With the snowflakes and raindrops bombarding the players, one would wonder if positive imagery - perhaps that of Sports Illustrated swimsuit models waiting with hot chocolate by a fireplace in the clubhouse - helped guide them through the weather.
Cockerill supplied a less colorful and far more practical scenario.
"We practice in every kind of condition," Cockerill said. "We're used to it. Snow, rain - we're used to it. We've been doing a lot of putting drills - some short stuff. You miss a lot of greens in bad weather. I'm happy with the team. We did all right for these kind of conditions."
Mitchell, who carded an 81 through 18, did concede - ever so slightly - that the conditions weren't exactly beneficial to his game.
"That was some nasty weather out there," the 18-year-old senior said. "I definitely had a few bad shots. I made some mental mistakes. The weather wasn't that out of control. But it didn't help me though."
At least the snow and wind didn't. Interestingly enough, Mitchell didn't mind the rain.
"It was a nice rain. It slowed the greens down," Mitchell said. "The greens were cruising out there. Silver Sage (Golf Course) is definitely easier. This course has tricky greens - they're smaller and harder to play."
Mitchell said he had four birdies, a chip-in and two double-bogeys, but no triples. One Sierra League coach said at least one player took a 15 on one hole.
Steven Hein, Carson's sixth golfer, carded a respectable 49. Only a team's top five scores are counted.
Mitchell said he is happy with his teammates' collective performance this year.
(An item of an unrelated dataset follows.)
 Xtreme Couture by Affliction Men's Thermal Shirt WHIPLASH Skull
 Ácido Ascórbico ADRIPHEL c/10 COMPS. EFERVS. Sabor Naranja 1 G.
"We're looking pretty good," he said. "We're a sound, tight group. We go out to breakfast together before tournaments. We like hanging out together. Coach (Rod Butler) runs a good program. I wouldn't be here without his coaching and I'm sure some of the guys on the team would say the same thing."
So it appears the team that hangs out together - and maybe builds snowmen on the greens together - is the team that wins together.
"It turned out OK, but we should've played better," Butler deadpanned before chuckling. "To me, 43s (on the front nine) - those guys should've grinded it out. The weather was not enough (for such a score). On the backside, OK - but not on the frontside. I think the guys had a letdown and gave away a few shots on the frontside.
A Reno coach was overheard telling his players they were going to run three miles today for their performance on Tuesday. Butler was not quite as demanding.
"We've got Wildcreek (Golf Course) next Tuesday. Maybe we can play the whole 18," Butler said. "We'll go back to work on what we messed up on those (front) nine holes."
And maybe Northern Nevada's Four Horsemen will cooperate and ride off long enough for them to do so.